Patrick Lencioni is an excellent business thinker. He is known for simple yet powerful management wisdom through books like The Five Dysfunctions of a Team and The Three Signs of a Miserable Job.
Recently, he has started The Simple Wisdom Project, which is intended to be “a source of perspective and common sense about topics relating to family, faith, and life’s daily challenges.”
His latest monthly article discusses socialism. He writes it in response to a reader who “wanted to understand why socialism is a bad thing, especially in the context of the Christian commandments to love thy neighbor, care for the poor and avoid materialism.”
The short article is well worth your read.

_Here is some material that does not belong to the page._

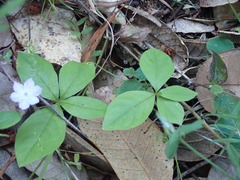 Lysimachia latifolia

Here are a few key excerpts.
Socialism doesn’t work:
First, it just doesn’t work. At least not for very long. That’s because people are flawed and, outside of a family, a religious order, or a small group of friends, they will not continually work hard for the ‘greater good’ if they do not receive the fruits of that work themselves. As an economics major in college, I learned that this theory had a name: ‘the free-loader effect’. It is the natural tendency of people to do less and less work when they realize that they won’t see a proportionate increase in what they can get for it.
Over time—and this is an inevitable consequence of the free-loader effect—socialist societies experience decreasing productivity, risk-taking, and innovation, along with increasing tax rates, promises of government programs, and expectations from citizens about what they can get from those programs. When the economy inevitably falters under its own weight, those expectations cannot be met.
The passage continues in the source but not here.